It may be sufficient to re-send the current values as well, over each camera's state_topic for each entity in this case? But in the case of the screenshot above, you can see that the switches are disabled, which means it is not just a problem of having incomplete state at the time - the entities are literally unusable in this state, until the discovery message is re-sent.

EDIT: when clicking to view one of the entities listed as Unavailable, HA reports:

This entity is no longer being provided by the mqtt integration. If the entity is no longer in use, delete it in settings.

This is additional evidence that the problem is caused by the MQTT integration not receiving the discovery config after coming back online.

And to prove the theory of whether re-sending the current state would work or not, I tried publishing a message to emulate what the bridge would send to reflect state changes:

topic=wyzebridge/pan-1/night_vision
payload=2 # or 3

but the entity remains unavailable and the state is not updated in HA. After I restart the bridge container, which re-sends the discovery message, and the entities are available again: I can send the same payload to emulate state changes from the bridge, and the switch status reflected in the HA UI correctly (2=off, 3=on). So this shows that simply re-sending the current states will not be enough either. The only thing that appears to work is to re-send the discovery configs.

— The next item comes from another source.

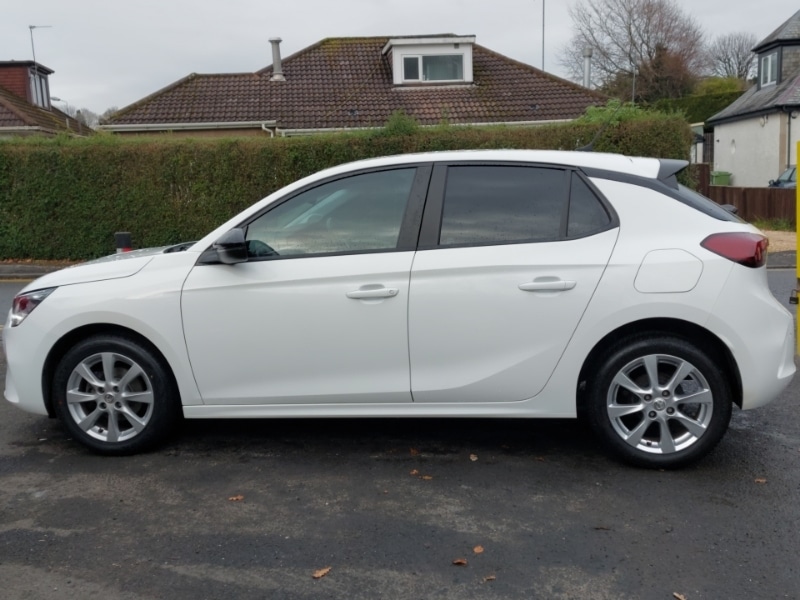 Used Vauxhall Corsa 2021 for sale - 76652108: Photo 4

jhansche commented 1 year ago

Confirmed in v2.3.11, when reloading the MQTT HA integration, the Wyze entities come back within ~5-10 seconds, without having to restart anything else! 🎉

Thanks!

jhansche commented 1 year ago

One minor note: although the entities become available again after a reload, the current status of each entity remains unknown until either I manually toggle the entity, or restart the bridge add-on. That is not a big deal imo, because the controls still work which is what's most important.

mrlt8 commented 1 year ago

Hmm, would a retain flag help in this situation or would that get cleared out when HA restarts?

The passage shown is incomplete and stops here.